The words diversity, equality, and inclusion are used often because people who want to grow their business are looking to dive deeper into these elements for best practices. Some companies believe they can make their workforce more diverse simply because it is the right thing to do. Cultivating a sense of belonging is key to finding the right mix of inclusivity, equality, and diversity. Try some of the following ways that businesses and organizations seek to meet these requirements.

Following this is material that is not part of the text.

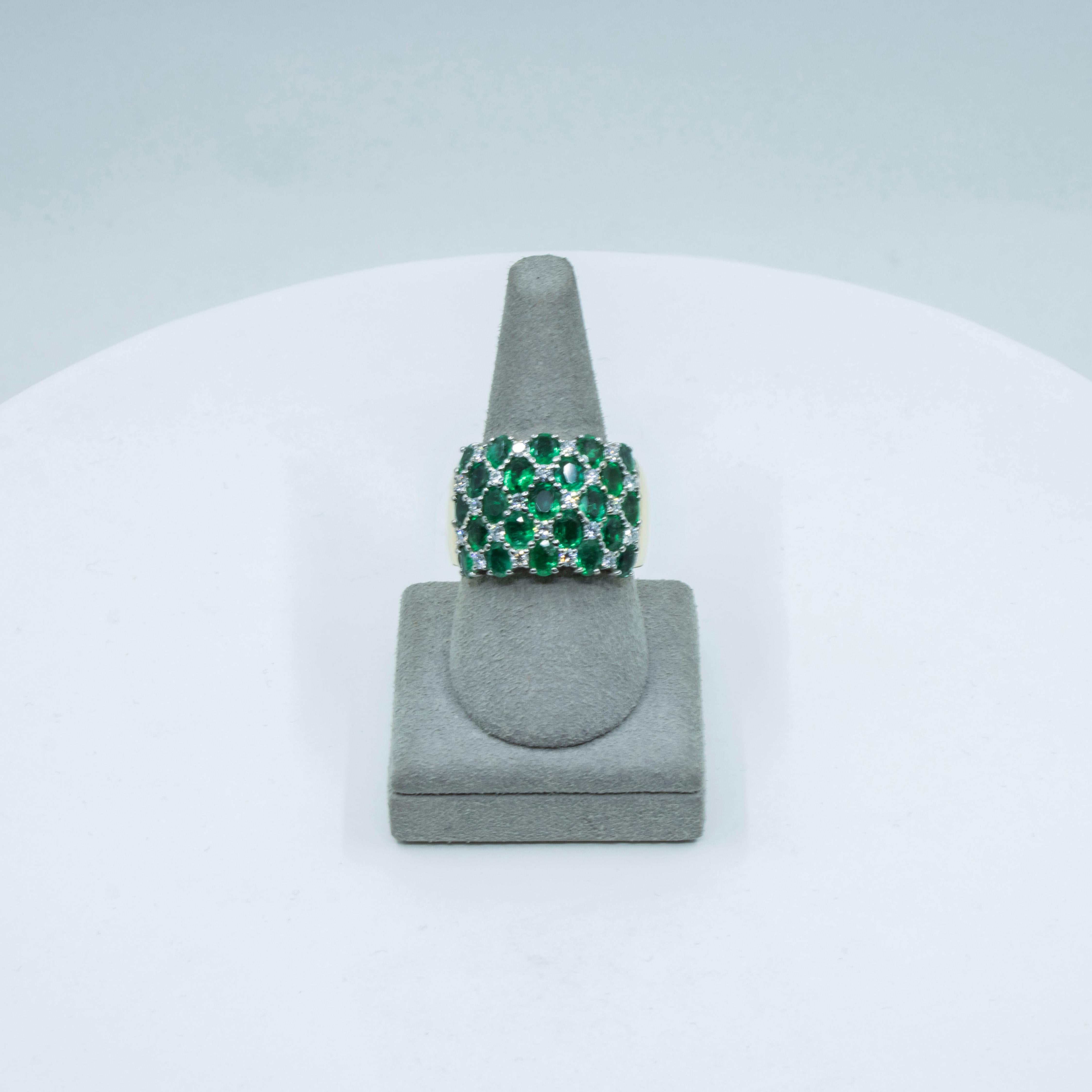 4,50 Karat Ovalschliff Grüner Smaragd mit rundem Diamanten im Ovalschliff Mode-Ring Damen im Angebot
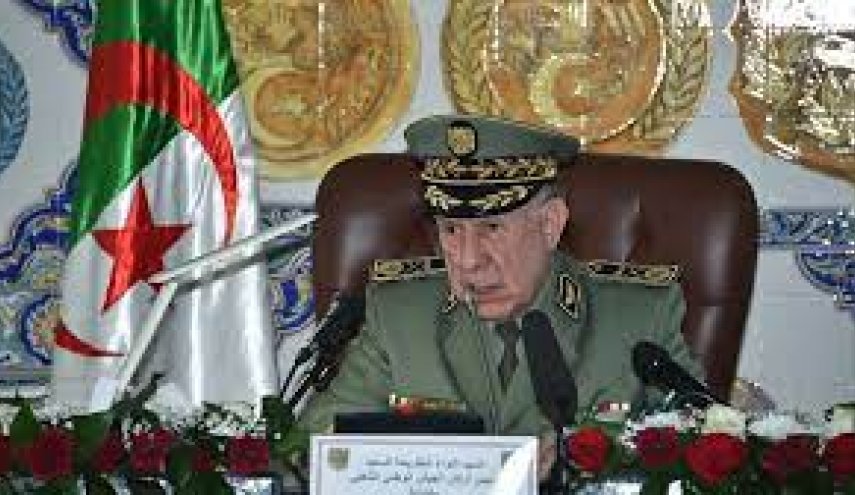 الجيش الجزائري يحذر من مؤامرات تستهدف وحدة البلاد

Growing workforce skills to meet demands of a global, changing market must be considered. Profit and growth are important, but they cannot come at the exclusion of a huge part of the workforce seeking employment opportunities. It is not a matter of simply overlooking qualified candidates. It is more about enforcing what is on the books as far as human resource rules and regs. Diversity, equality, and inclusion are keys to growth, but are also economically sound decisions based on new laws being implemented to encourage development in these areas.
Blow Away Competition
Not everyone is onboarding people with diverse skillsets and backgrounds. They may be losing out on having some great, amazing people who can bring a lot to the table. Corporate diversity leads to bigger and better innovation. Diversity in the workplace also blows away the competition who may be trying to keep up with this way of thinking globally and inclusively. To build teams that focus on cutting-edge products and keep competition at bay, it helps to put diversity at the top of your business priority list.
Build Up Revenue
Greater diversity with gender is only one way to include women in the workforce but it can result in more customers growing revenue and profits. Businesses are built around profit and money. Revenue is not only from women, but it also comes from including a variety of people from all backgrounds and skillsets in the workplace. Inclusive, diverse teams especially drive thoughts, ideas, and productivity that help the bottom line. Businesses that don’t work to build this miss out on the opportunity to create space for increased profits.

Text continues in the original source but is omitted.